Defending control systems from cyber attacks requires a thorough understanding of all the components adversaries might target. Placing control system components into general categories lets users better understand and appreciate the challenges of securing them. For instance, engineers responsible for operations use many supporting systems to develop, monitor and maintain control-system environments. These include human machine interfaces (HMIs), control servers, data historians and engineering workstations. Most supporting systems run on a server and have proprietary software packages installed. Engineering workstations often are overlooked as part of the control system, but they should be included in security discussions.

Logic controllers also must be secured. Typically, the PLCs or microcontrollers are programmed with the logic to control a process and accept feedback throughout the process to control actions or raise alarms. For example, a PLC would be wired to the pumps and sensors used in a fuel system to read fuel levels and control the movement of fuel.

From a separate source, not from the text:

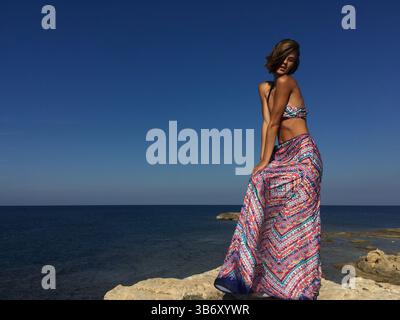 Schöne Frau in langem, farbenfrohen Rock, die am Rande der Klippe in Sardinien, Italien, steht. Das Model posiert in ihrem spektakulären Sommeroutfit. Stockfoto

Devices such as pumps and valves change state according to the PLC’s directions. Intelligent electronic devices, on the other hand, can make decisions on their own or raise threat alarms. Sensors, which can be part of many devices or stand alone, allow for monitoring and are part of the feedback loop to the PLC. Sensors measure anything from revolutions per minute to temperature and are critical components of the control system.

Cyber-to-physical attacks leverage an array of vulnerabilities in any component of the control system to achieve their objectives. For example, an attack on the Ukrainian power grid in 2015 targeted embedded devices as well as the operating systems and software used on supporting systems.

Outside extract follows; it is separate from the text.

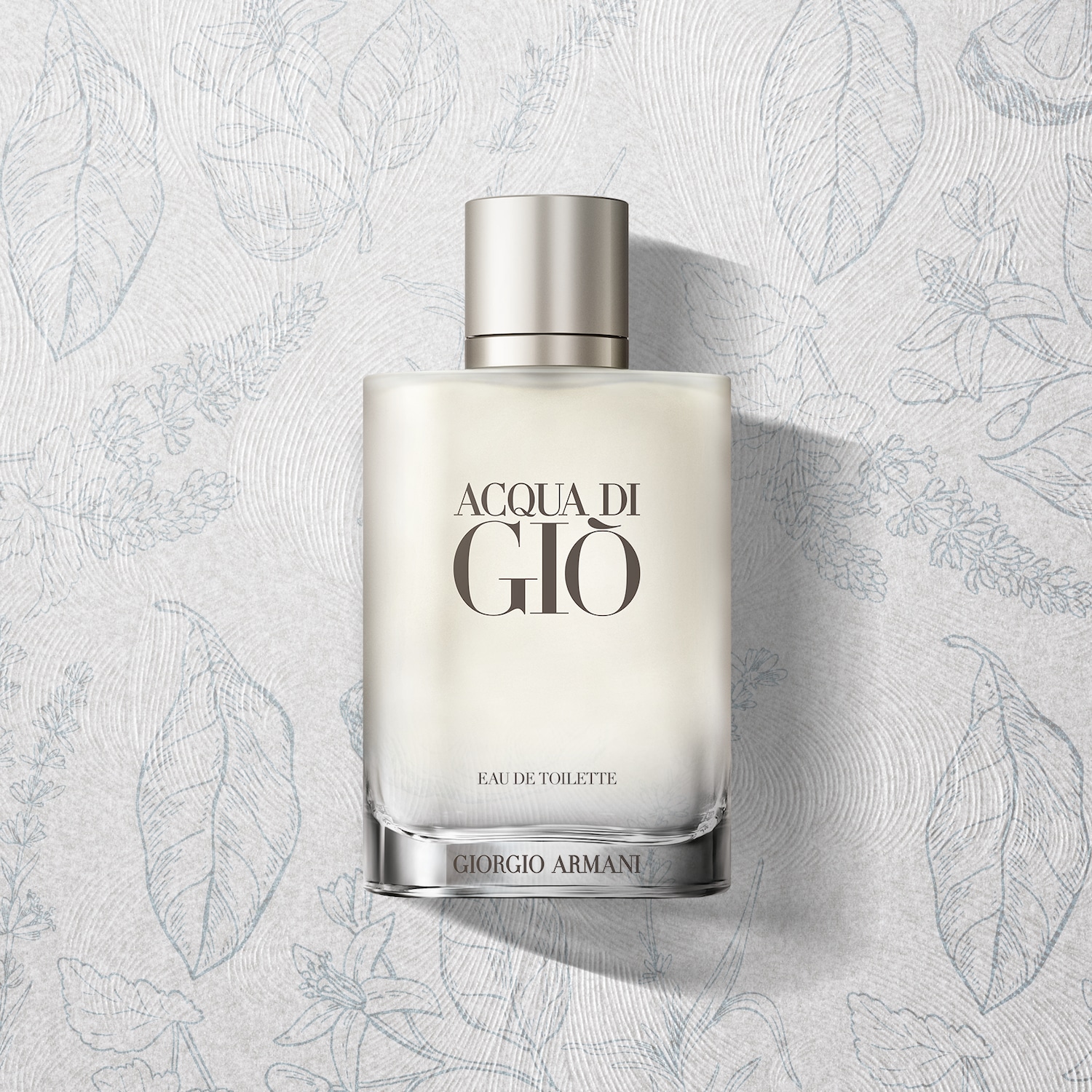 Przezroczysty flakon perfum Giorgio Armani Acqua di Giò Eau de Toilette z srebrną nakrętką na tle białego papieru w roślinne wzory.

HMIs and other control servers let attackers modify settings on downstream components and disguise what operations personnel see. Even small process changes over time can cause damage if they are not identified and fixed.

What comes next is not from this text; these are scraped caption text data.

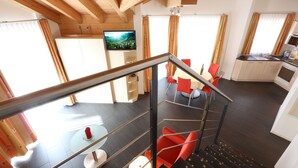 A modern apartment with a kitchen, dining area, and a living room with a TV. - Apparthotel Feehof Saas-Fee (Saas-Fee)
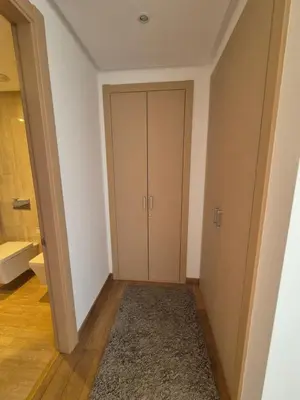 a hallway with a closet and a door with a rug at My Cosy Place - Apartment 2BR - Piscine -Résidence Marbella Hay Riad in Rabat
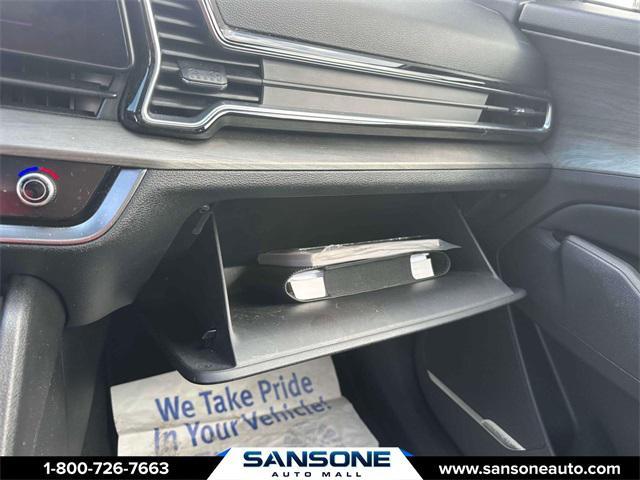 Photo of 2023 Jungle Green/Ebony Black Roof Kia Sportage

The HMI is one of many examples where traditional information technology and operation technology converge. Many HMIs run on traditional computing hardware and operating systems but use proprietary software that is often outdated, unpatched and highly vulnerable to attack. Cyber criminals target HMIs because they provide access to a visual representation of the very process they are attacking, making it easier to understand. What was designed as a tool to monitor operations has become a favorite attack starting point.

The vulnerabilities of logic controllers are serious and widely publicized. Because the PLCs and microcontrollers provide the logic and control of the process, if attackers gain access, they can modify the process. PLCs have been around for a long time, including during a period when security was not a major concern. They typically run on an embedded operating system, which means they lack many of the security functions of traditional operating systems. PLCs rarely are patched or upgraded because this requires stopping the process to do so.

Typically, control systems are designed to have 15- to 30-year life spans, a duration that leaves most environments with a mix of old and new technologies. Unfortunately, there are no foolproof ways to patch system vulnerabilities. The answer once was to create “secure enclaves” where these systems lived and avoided exposure to less secure networks.

In most cases, these enclaves cause additional security risks by making it harder to update systems and devices. Often, managers end up with an environment far less secure and riddled with hidden routes added by engineers and operators to facilitate their jobs. Skilled attackers readily identify how personnel access these enclaves and can piggyback onto workarounds to access networks via other trusted systems or by leveraging media such as USB flash drives.

As the surface of attack continues to grow, it is critical to look at cyber as its own battle landscape and put the necessary resources behind it. Today, the cyber battle extends beyond computers into the physical realm and can have devastating effects if officials fail to prepare.

Kevin Davis joined Splunk in October 2014 and is now vice president of the company’s public sector business. The views expressed here are his alone.